The implication is that they should be angry with this man’s unrepentant sinful behavior because God the Holy Spirit was because they did not confront the guilty party.
God hates sin and is angry with it as evidence by the fact that the entire human race is condemned by Him (Rom. 1:18-3:18).
However, He sent His Son to suffer His wrath or righteous indignation with regards to the sinful activities of the human race so that the latter would not have to suffer His wrath for all of eternity in the lake of fire.
2 Corinthians 2 reveals that eventually the guilty party repented and Paul instructed them to restore him to fellowship with the rest of the community.
Furthermore, the command in Ephesians 4:27 also supports this interpretation that Paul is alluding to church discipline in Ephesians 4:26 because the former contains a prohibition, which required that the recipients of this epistle not give the devil an opportunity.
The implication being that if they don’t address immediately the problem of unrepentant sinful behavior in their community, then they would be allowing Satan to destroy their testimony before the world and bring about the physical death of the guilty party, i.e., the sin unto death (cf. 1 Cor. 11: 11:30; 1 John 5:16).
Thus, the need for the second prohibition in verse 26, which required the Christian community to not let the sun go down on the cause of their anger.
This prohibition is only understandable if it is addressing the problem of unrepentant sinful behavior in the Christian community.
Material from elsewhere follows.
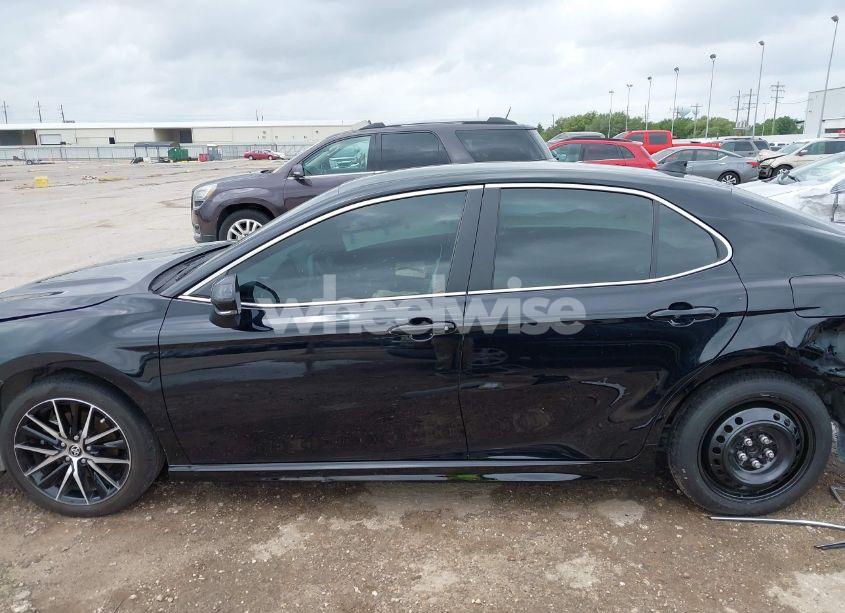 Photo 15 of 2024 Toyota Camry SE (VIN 4T1T11AK6RU865878)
The implication of this prohibition is to address this problem immediately so that he would no longer be required to obey the command to be justifiably anger regarding unrepentant sinful conduct in their community.
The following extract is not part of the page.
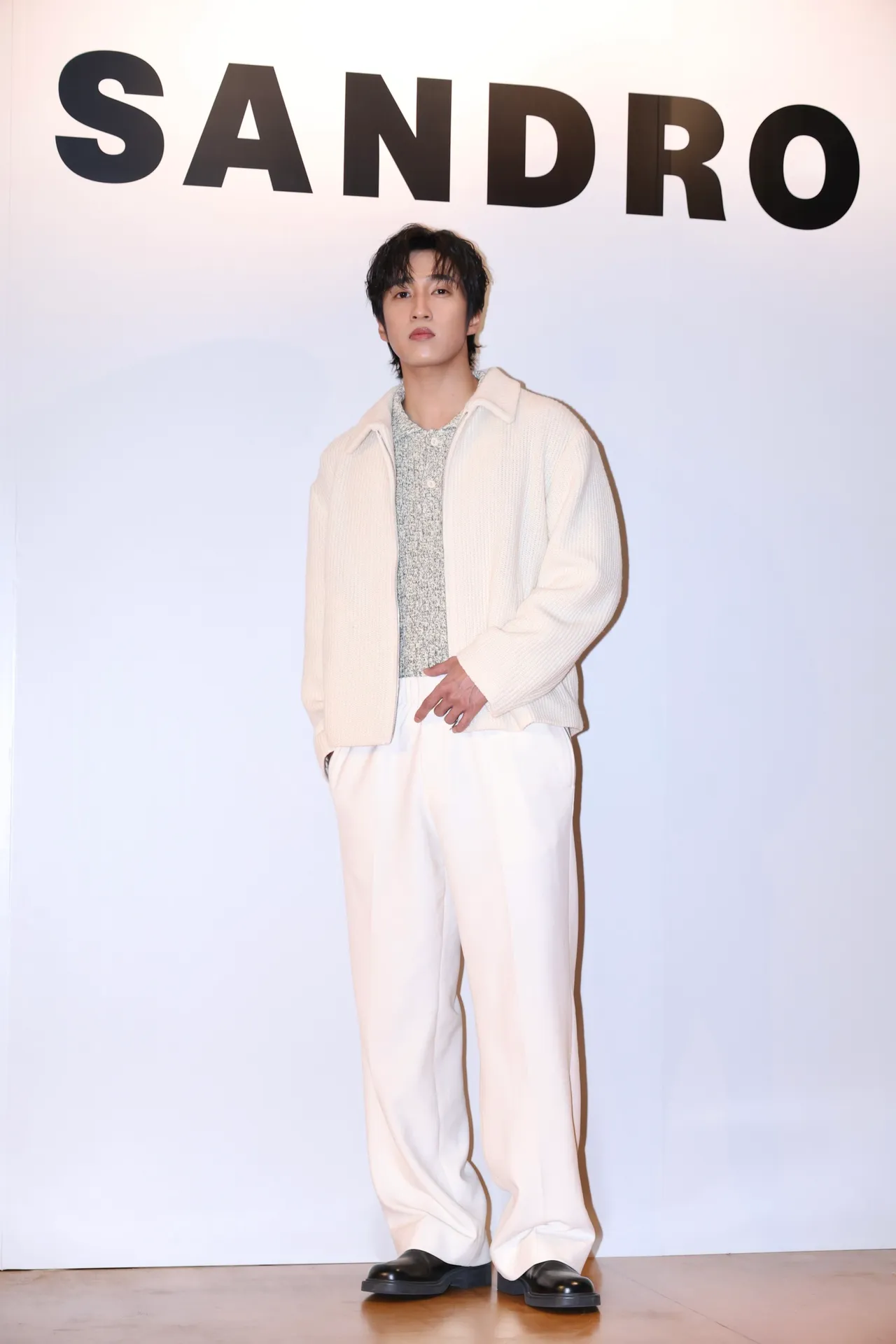 婁峻碩今日以一身清爽的拿鐵色系造型登場。莊宗達攝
Thus, the only explanation that makes sense of the command and the two prohibitions in Ephesians 4:26 is that Paul is using shorthand for the practice of church discipline and specifically, the first stage.
Lastly, further indicating that Paul is referring to church discipline in Ephesians 4:26-27 is that he is quoting from Psalm 4, which expresses David’s distress because the citizens of Israel practiced idolatry.
In fact, the Lord asserts in Deuteronomy 32:21, “They made me jealous by what is no god and angered me with their worthless idols.”
David was angry with this unrepentant idolatry in his nation and thus it was apropos that Paul quotes from this Psalm in Ephesians 4:26.
In fact, in Ephesians 5:5, Paul asserts “For you can be confident of this one thing: that no person who is immoral, impure, or greedy (such a person is an idolater) has any inheritance in the kingdom of Christ and God.” (NET)
Paul was concerned with idolatry in the Gentile Christian community because prior to their conversion, they were immersed in pagan idolatry unlike the Jewish Christian community.
Therefore, I am in total agreement with Dan Wallace that the orgizomai (ὀργίζομαι) in Ephesians 4:26 is “shorthand expression for church discipline.”